In the year 1533, Melancthon wrote a letter to Joachim Camerarius, wherein he told him what he thought of Servetus and his books: among other things he says that he was always afraid disputes about the trinity would break out, some time or other.' And adds "Good God! what tragedies will this question whether the Logos or word be an hypostasis, or subsistence, or person; whether the spirit be so likewise? raise among posterity.' This same Melancthon, who seemed so much to deplore the tragedies which the above question would occasion, on hearing that Servetus' book, concerning the trinity, was dispersed in Italy, and very much approved of by many Italians, wrote a letter to the senate of Venice, in the year

1539, importing that a book of Servetus', who had revived the errors of Paulus Samosatenus, was handed about in their country. He besought them to use their utmost endeavors, that the impious errors of that man might be avoided, rejected, and abhorred. What was this but to stimulate those tragedies, with the bare apprehension of which he professed to be so much affected? What could the tendency of such a letter be but to rouse the demon of persecu. tion ?

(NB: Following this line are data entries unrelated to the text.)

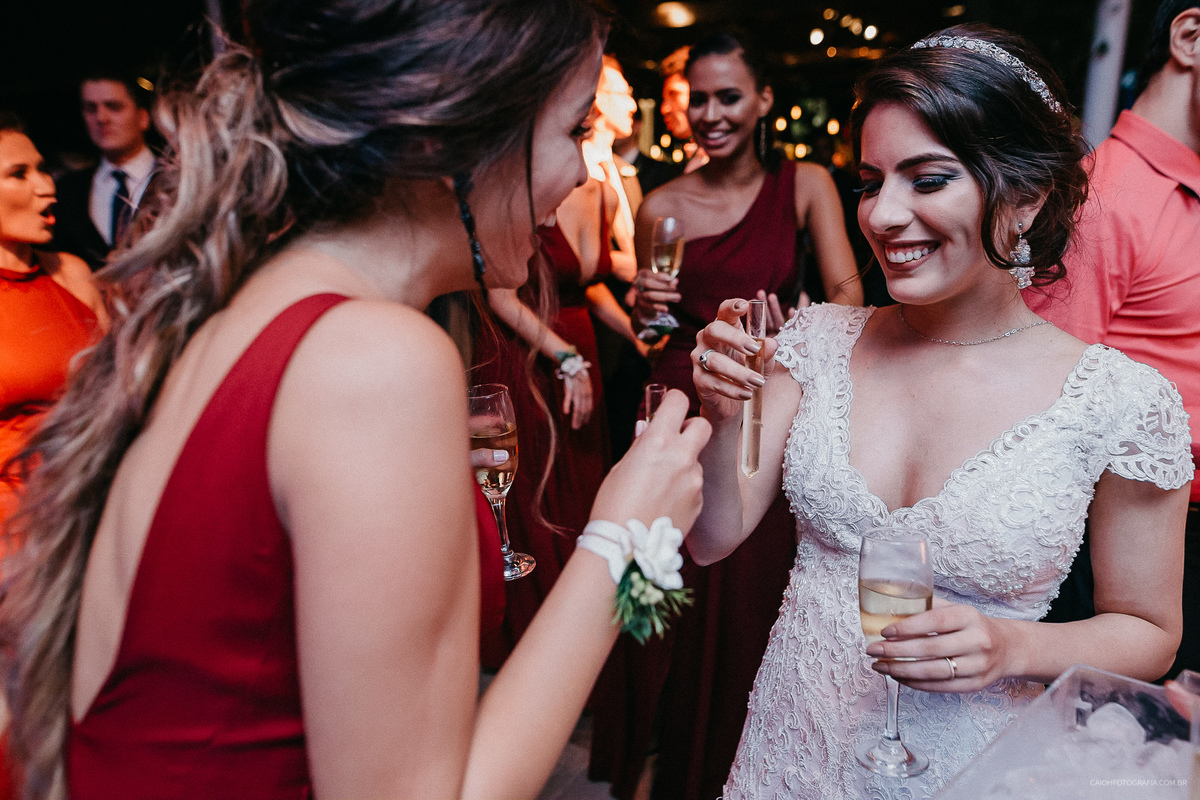 Festa de casamento balada fotografia documental casamento de dia  madrinhas da noiva  noiva sorrindo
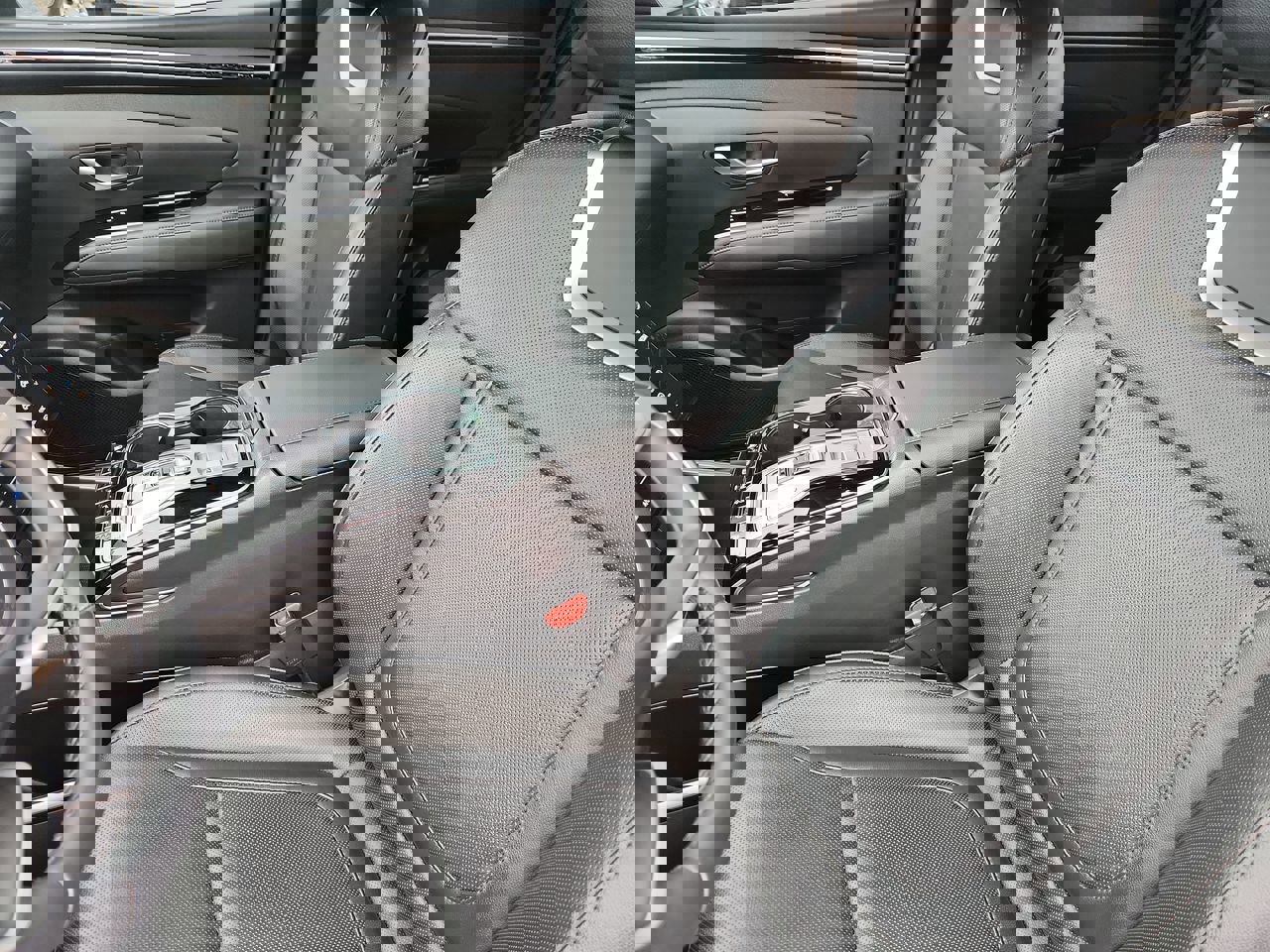 Used 2024 Hyundai Tucson Limited image 16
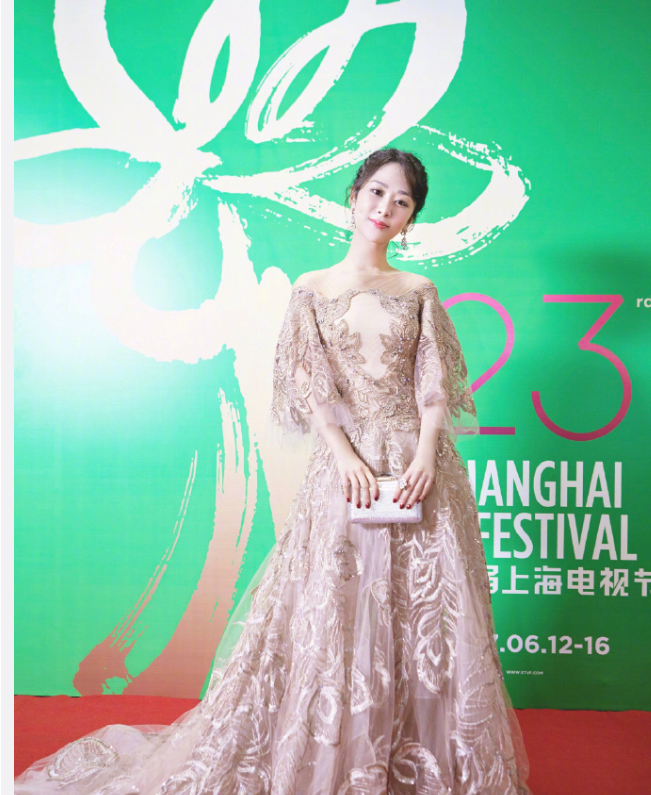 娱乐圈这个圈子争论不断也不是什么新鲜事情，表面握手致意，其实勾心斗角经常发生，白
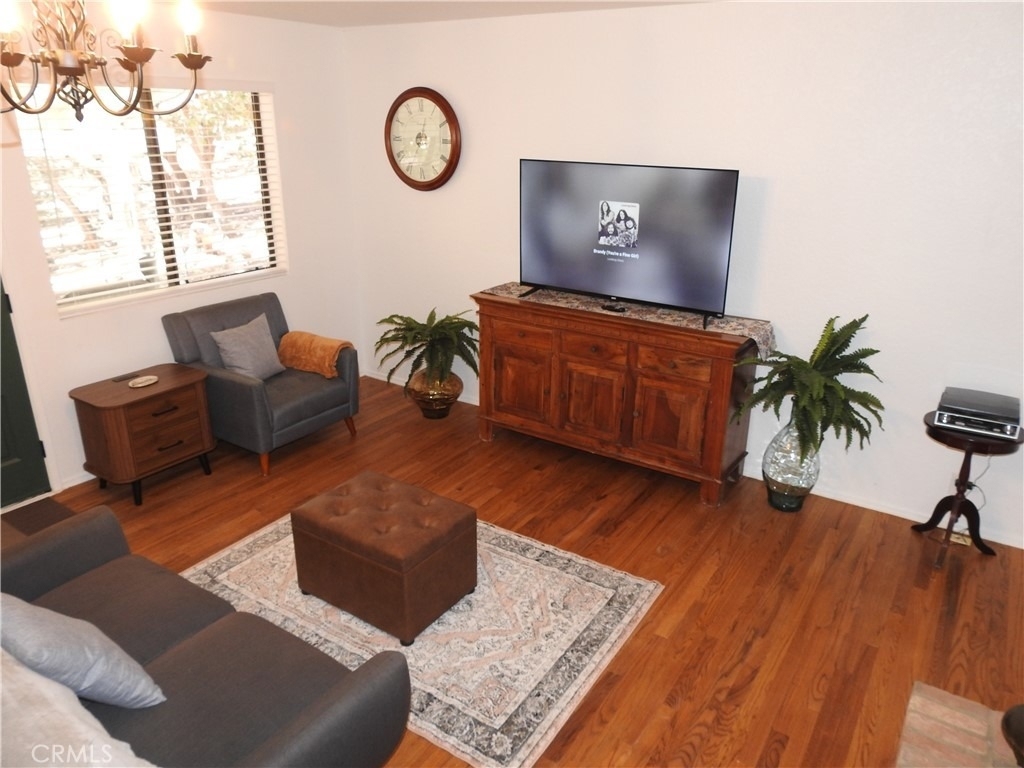 5041 Pine Ridge Avenue - Photo 7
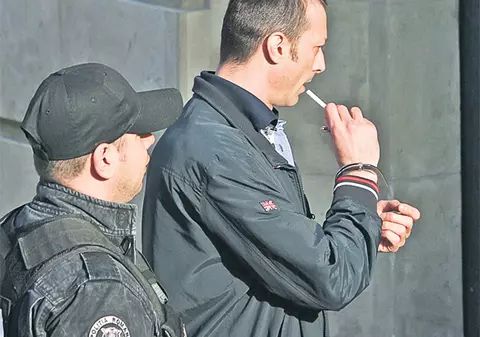 Max Bălăşescu, mort după ţigară înainte de a apărea în faţa magistraţilor!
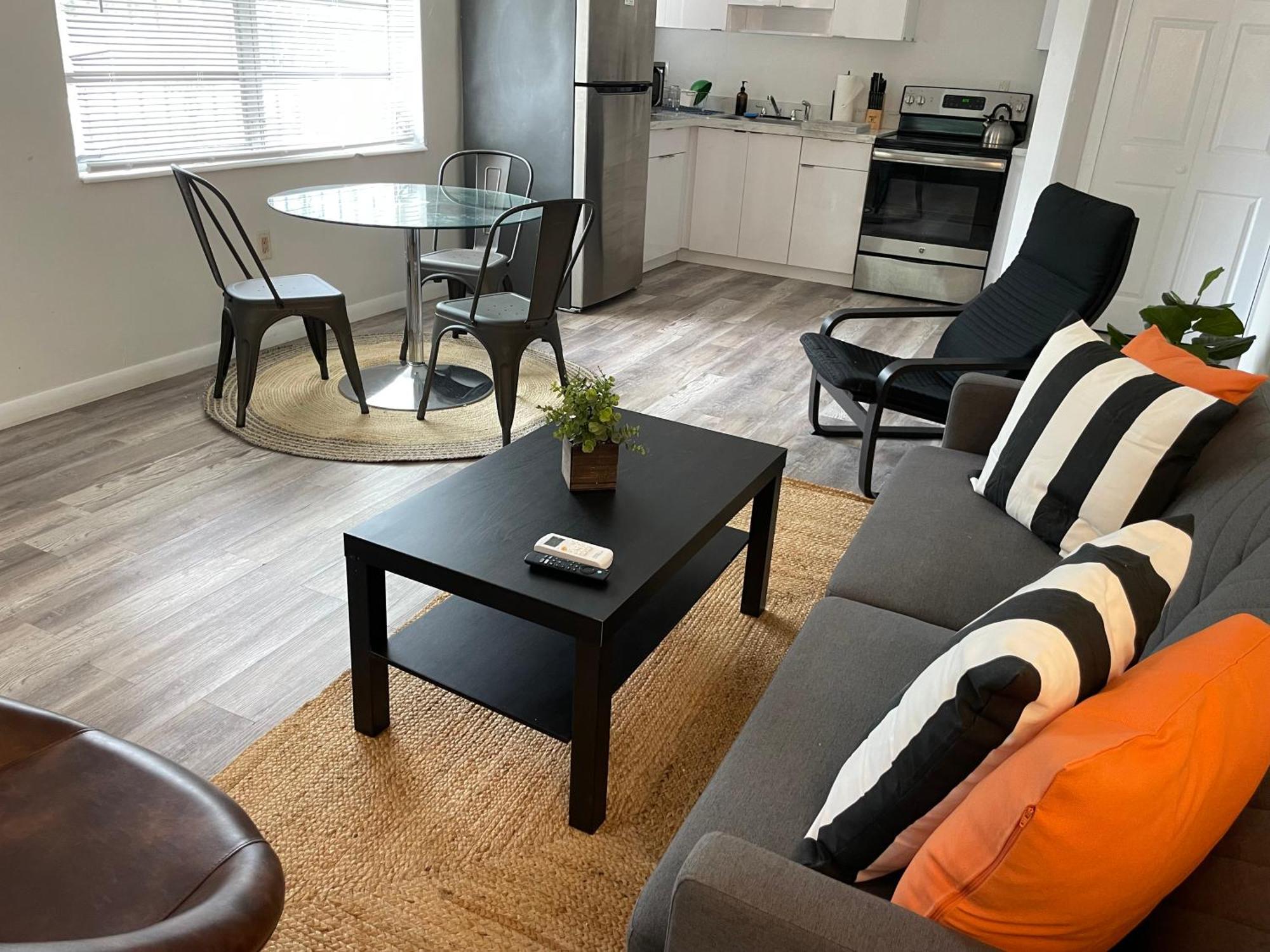 Fully Equipped Apartments With Parking Near Cocowalk Miami Ngoại thất bức ảnh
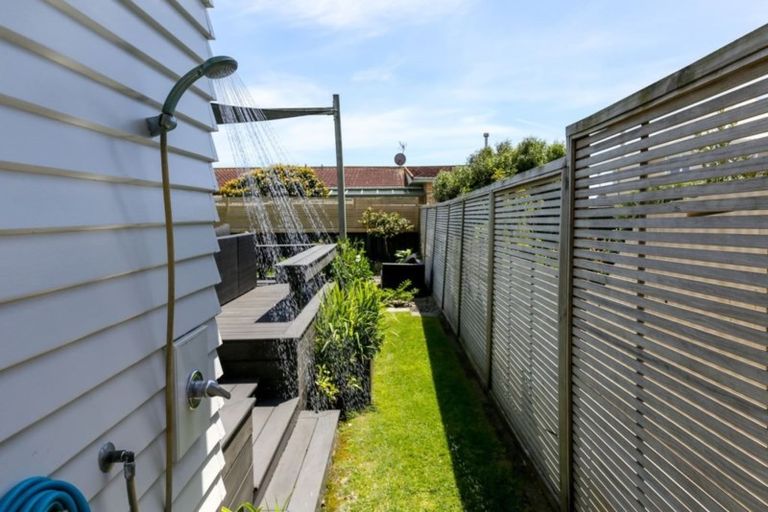 Photo of property in 73 Buller Street, New Plymouth, 4312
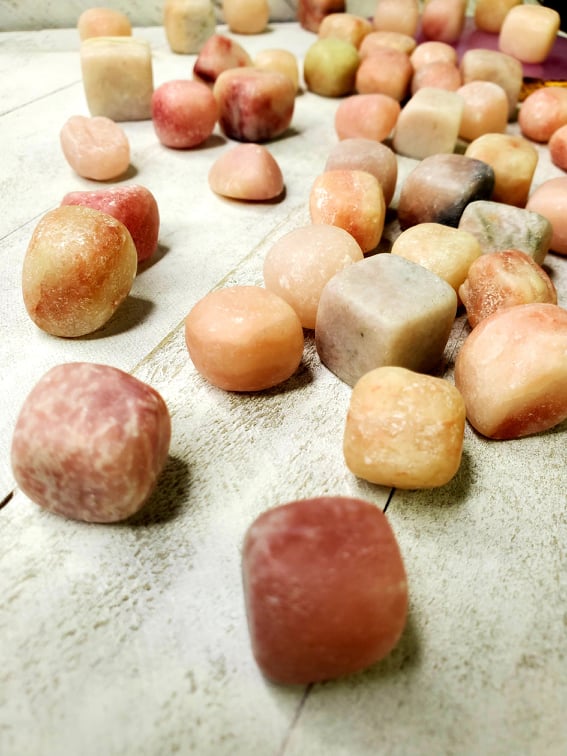 PINK/PEACH AVENTURINE TUMBLES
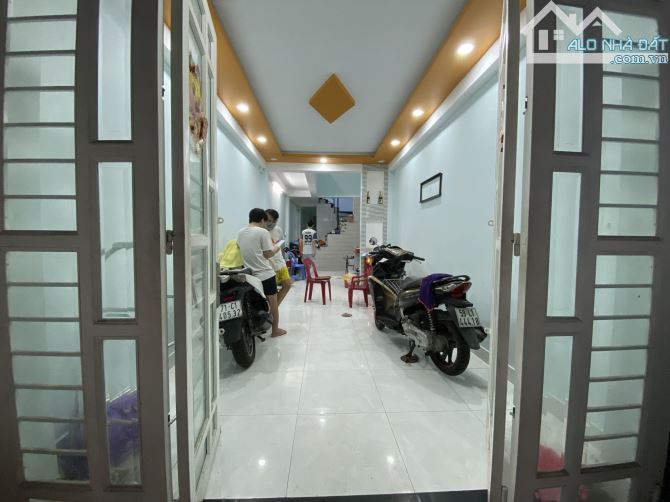 NHÀ BAO ĐẦU TƯ - 11PN - 3 TẦNG BTCT - DÒNG TIỀN 30TR/THÁNG - P3 QUẬN 8 - 5.X TỶ.
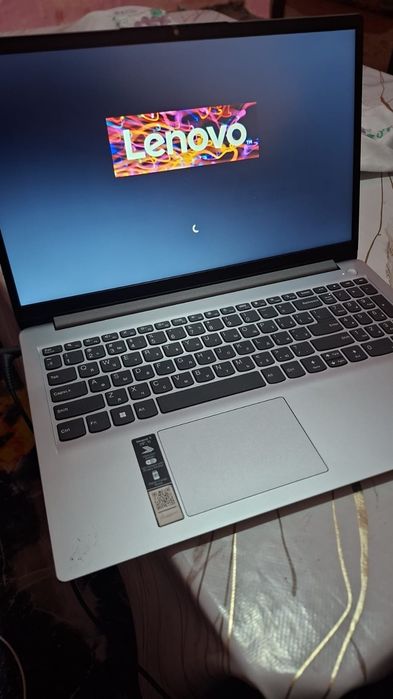Lenovo ideapad 1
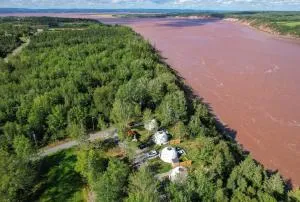 Gravity Luxury Domes - Centre Rawdon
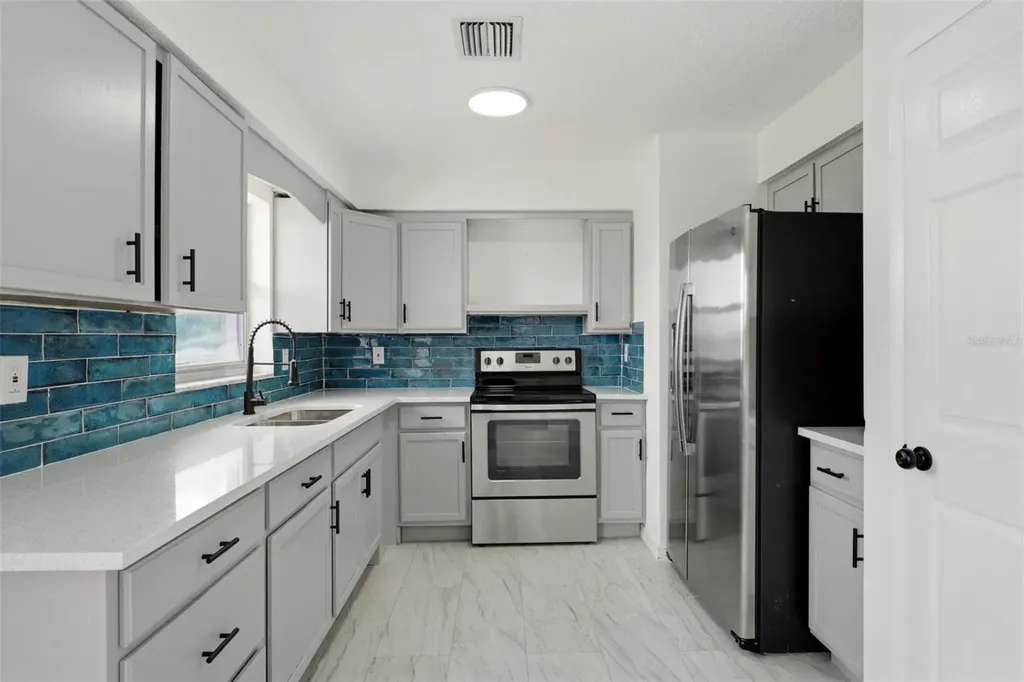 192 Annapolis Lane Rotonda West FL 33947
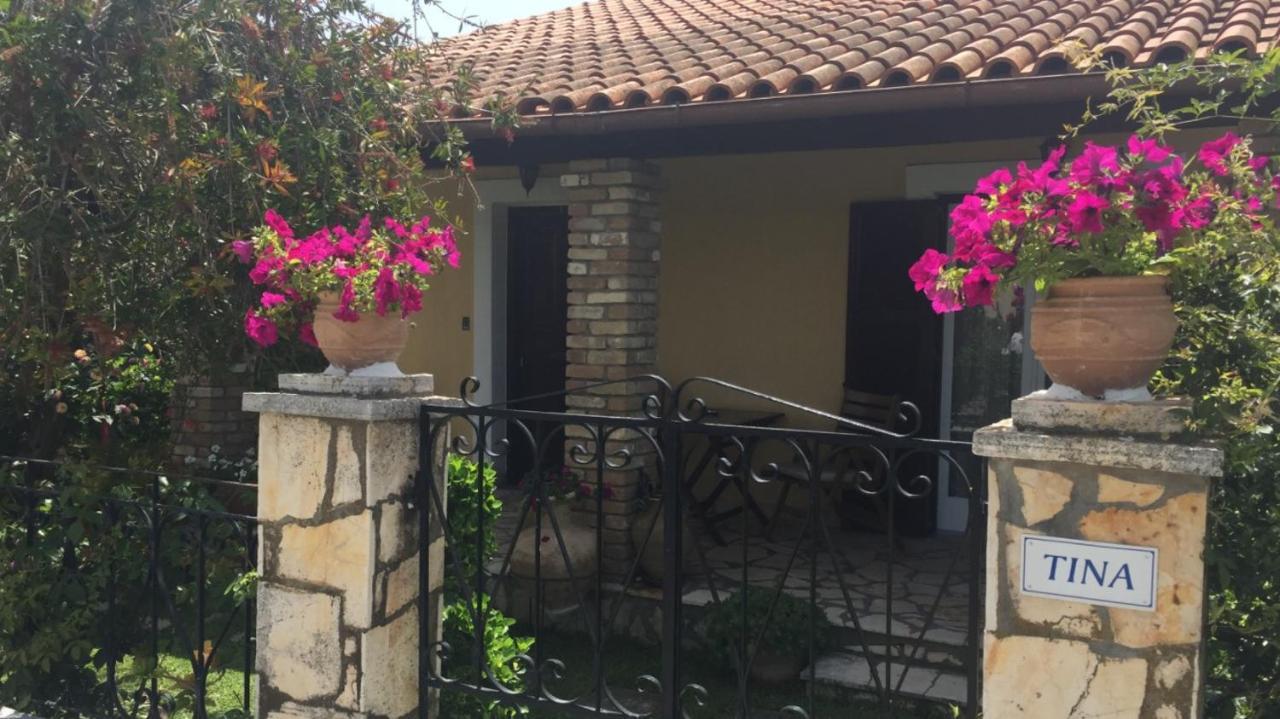 Villa Tina Country Beach Apartments Aharávi Kültér fotó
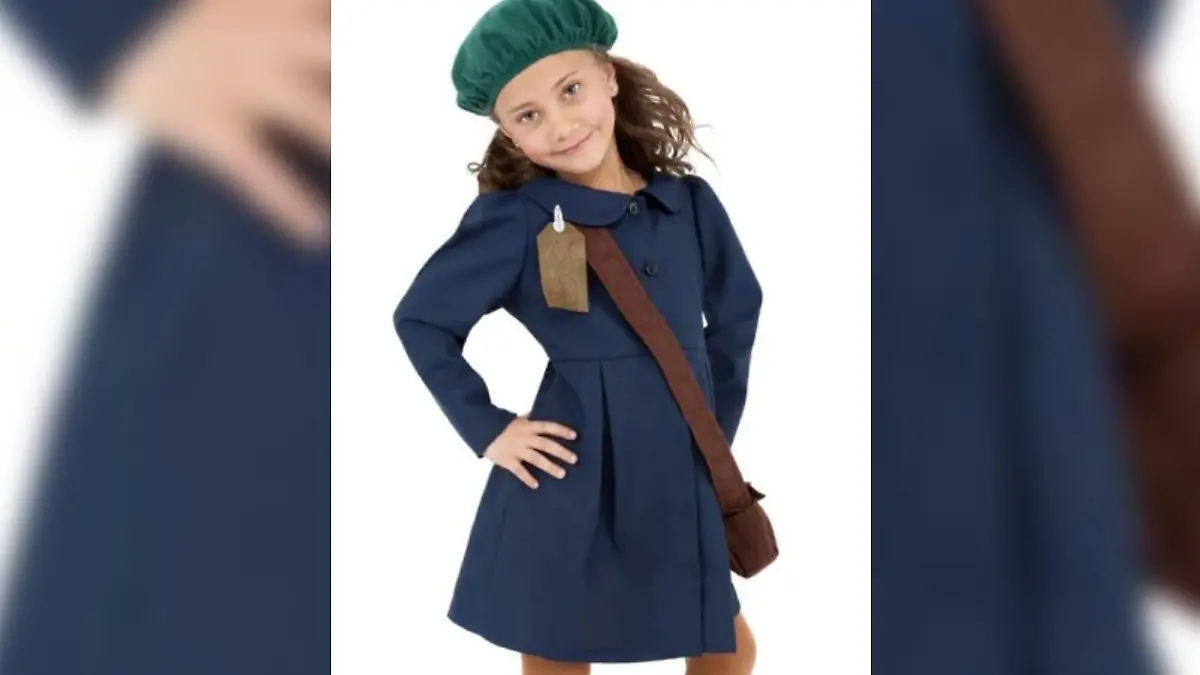 Mädchen im "Anne Frank"-Kostüm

Such were the measures adopted by the professed reformers to stop the progress of free enquiry, and counteract the efforts of Servetus to promote a further reformation. They treated him with scurrility; they endeavored to prevent the circulation of his books by all the 'means in their power; they labored to prejudice his cause every where; their object was to cry him down; even a popish senate was invoked to use their utmost endeavors to cause his doctrine to be avoided, rejected, and abhorred, i. e. in plain language, to suppress his writings, with the whole weight of their power and authority, and to proscribe all who might seem to countenance them. Was it for this they cast off their sovereign lord the pope, broke the yoke of his tyranny from their necks, and

abjured the church of Rome; that they might be popes themselves, impose a yoke of bondage upon the necks of others, and form a church after the model of that they had abjured? Was it for this that they put the scriptures into the hands of the people, and made so loud an outcry against the errors and abominations of popery; that they might anathematize those who gave a different sense of scripture to themselves? Was it that they might be sole arbiters in religious controversy, and regarded as the infallible expositors of scripture, that they rejected the infallibility of popes and councils? If not why did they attempt to suppress the writings of those who differed from them?

SECTION III.

Servetus publishes a second book on the trinity.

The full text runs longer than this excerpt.